**WHAT YOU ARE ASKED TO DO:**
Restate the records that follow word for word; no pictures should appear.

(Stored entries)
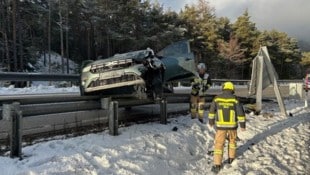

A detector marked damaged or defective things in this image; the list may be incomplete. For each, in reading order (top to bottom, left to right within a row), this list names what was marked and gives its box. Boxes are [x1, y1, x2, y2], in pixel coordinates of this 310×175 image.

overturned silver car [80, 40, 196, 99]
shattered windshield [157, 40, 191, 56]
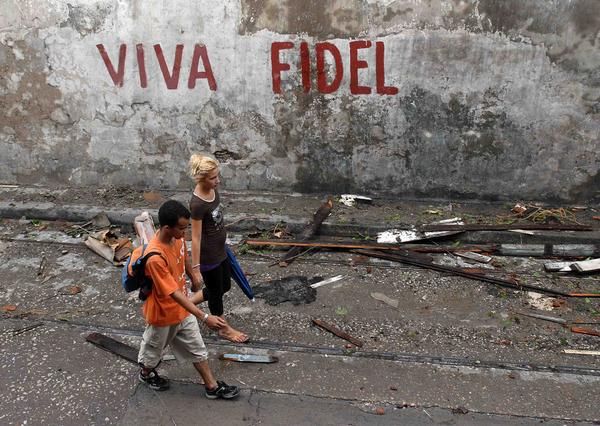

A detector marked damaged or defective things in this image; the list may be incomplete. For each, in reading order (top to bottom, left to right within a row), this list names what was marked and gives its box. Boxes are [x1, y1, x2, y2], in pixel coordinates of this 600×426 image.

broken metal piece [312, 318, 364, 348]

**TASK SOLUTION:**
A detector marked damaged or defective things in this image; the list may be incomplete. For each, in reading order (top to bottom, left to right within a row), this list names what was marked and gives its box. Boxes are [x1, y1, x2, y2], in pixel coordinates of this 310×175 image.

overturned silver car [80, 40, 196, 99]
shattered windshield [157, 40, 191, 56]

A detector marked damaged or defective things in this image; the list may be incomplete. For each, in reading order (top to bottom, left to right within a row), this list names what was marked and gives its box. Boxes are [x1, y1, x2, y2], in pixel coordinates of this 600×426 image.

broken metal piece [312, 318, 364, 348]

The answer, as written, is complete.